Demand for IT staff on the rise

Reports show increase in demand for IT staff as vacancies rise in the Midlands, North East and North West but decline in London

The UK technology sector saw a spike in advertised job roles for the third quarter, with the Midlands, North East and North West leading the way, while vacancies in London declined.

Recruiter Robert Walters' European jobs Index tracker found a national increase of 18% for the third quarter, compared with a 2% rise for the first and second quarters of this year.

Of the vacancies advertised, the Midlands saw a 17% increase, the North East and North West increased its IT advertised positions by 13%, whereas London saw a fall of 8%.

In comparison, the legal sector saw a 4% rise for the quarter, while marketing saw a decline of 6% and sales dipped 6%.

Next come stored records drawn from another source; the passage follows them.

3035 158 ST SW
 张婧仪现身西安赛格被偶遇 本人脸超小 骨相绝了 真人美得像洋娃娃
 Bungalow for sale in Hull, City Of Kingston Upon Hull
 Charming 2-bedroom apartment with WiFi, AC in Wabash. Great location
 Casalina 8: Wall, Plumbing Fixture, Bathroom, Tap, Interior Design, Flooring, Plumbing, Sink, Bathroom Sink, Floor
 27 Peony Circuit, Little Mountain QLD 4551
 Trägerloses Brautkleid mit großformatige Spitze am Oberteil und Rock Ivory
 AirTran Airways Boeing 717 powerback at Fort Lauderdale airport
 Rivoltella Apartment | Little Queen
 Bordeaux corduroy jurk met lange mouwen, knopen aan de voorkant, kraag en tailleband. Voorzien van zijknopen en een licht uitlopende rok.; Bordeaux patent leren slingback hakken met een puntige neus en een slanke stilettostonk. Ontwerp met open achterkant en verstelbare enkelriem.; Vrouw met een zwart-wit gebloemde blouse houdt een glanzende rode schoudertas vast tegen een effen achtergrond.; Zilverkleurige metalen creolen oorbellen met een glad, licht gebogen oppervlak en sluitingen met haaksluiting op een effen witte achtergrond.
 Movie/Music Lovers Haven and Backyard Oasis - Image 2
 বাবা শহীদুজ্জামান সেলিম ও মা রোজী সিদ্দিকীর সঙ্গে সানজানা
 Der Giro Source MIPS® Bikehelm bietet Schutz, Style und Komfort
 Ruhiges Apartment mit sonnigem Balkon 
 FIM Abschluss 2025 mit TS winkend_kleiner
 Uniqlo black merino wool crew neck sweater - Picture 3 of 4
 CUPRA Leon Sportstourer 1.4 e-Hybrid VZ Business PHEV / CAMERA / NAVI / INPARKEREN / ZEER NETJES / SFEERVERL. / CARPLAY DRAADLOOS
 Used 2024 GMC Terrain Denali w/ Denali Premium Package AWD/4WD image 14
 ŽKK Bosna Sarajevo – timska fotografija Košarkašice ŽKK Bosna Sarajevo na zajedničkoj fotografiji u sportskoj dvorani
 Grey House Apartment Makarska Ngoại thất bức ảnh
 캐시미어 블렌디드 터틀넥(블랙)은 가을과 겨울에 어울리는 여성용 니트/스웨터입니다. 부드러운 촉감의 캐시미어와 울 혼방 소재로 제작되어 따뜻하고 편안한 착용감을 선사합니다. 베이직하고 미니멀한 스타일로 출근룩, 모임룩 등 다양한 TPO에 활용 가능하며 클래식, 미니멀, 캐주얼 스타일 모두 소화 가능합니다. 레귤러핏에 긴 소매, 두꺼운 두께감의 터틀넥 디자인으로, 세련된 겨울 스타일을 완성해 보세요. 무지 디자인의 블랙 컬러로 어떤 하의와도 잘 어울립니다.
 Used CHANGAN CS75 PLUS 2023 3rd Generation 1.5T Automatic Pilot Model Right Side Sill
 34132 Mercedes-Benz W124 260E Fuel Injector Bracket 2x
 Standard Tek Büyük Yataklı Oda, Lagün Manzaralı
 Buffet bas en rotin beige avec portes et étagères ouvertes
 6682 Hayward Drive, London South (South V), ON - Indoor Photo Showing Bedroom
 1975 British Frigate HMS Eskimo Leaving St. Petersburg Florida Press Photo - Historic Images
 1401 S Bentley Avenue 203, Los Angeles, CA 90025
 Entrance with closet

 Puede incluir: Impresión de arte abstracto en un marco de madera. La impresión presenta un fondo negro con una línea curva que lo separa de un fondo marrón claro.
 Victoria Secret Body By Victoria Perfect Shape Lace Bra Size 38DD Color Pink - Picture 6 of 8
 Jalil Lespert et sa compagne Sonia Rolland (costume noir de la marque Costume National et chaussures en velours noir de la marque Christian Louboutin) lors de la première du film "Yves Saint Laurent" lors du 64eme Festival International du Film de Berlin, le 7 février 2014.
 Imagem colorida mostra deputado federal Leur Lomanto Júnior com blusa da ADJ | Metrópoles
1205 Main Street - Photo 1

Mathew Bartley, associate director of technology recruitment at Robert Walters, said: “An increase in hiring by SME clients in the regions has boosted vacancy levels, as has the actions of large banking clients in ‘near-sourcing’ technology teams to locations in Midlands, a move that in the past was limited to back office and call centre business units. Retailers have also been relocating technology teams away from London to rein in overhead costs.

“Retailers with a strong high street presence have been recruiting around the country as they embark on click-and-collect and e-commerce projects, many of which were mothballed over the past 12 to 18 months, as companies waited for trading conditions to improve.”

Bartley said hiring for mobile commerce roles has also increased, with companies ranging from SMEs to FTSE 100 organisations looking to bridge their expertise in digital marketing and technology –“A trend we expect to see continuing into 2014.”

Demand for IT staff on the rise

A second report found IT and computing staff are in demand. A jobs index report from KPMG and the Recruitment and Employment Confederation (REC) has revealed demand for permanent staff in the sector, posting 66.4 for October, just below September’s 13-year high of 67.1.

The IT and computing category came in third place out of nine in the demand for staff league table. The index for all permanent roles in all job sectors was 63.9.

“The data suggests that as confidence starts to return to UK businesses, technology is climbing up the board agenda and is fast becoming key priority for many organisations," said Andy Brown, IT advisory lead for KPMG’s management consulting practice.

“After a sustained period of under investment and cost reduction in IT departments and platforms through the downturn, businesses are now looking to invest, and in particular in new staff with different skills that will be required to drive benefit from IT expenditure in future,” he said.

According to Brown, the key to hiring these staff is often more about “sharing a compelling vision” rather than just the salary package.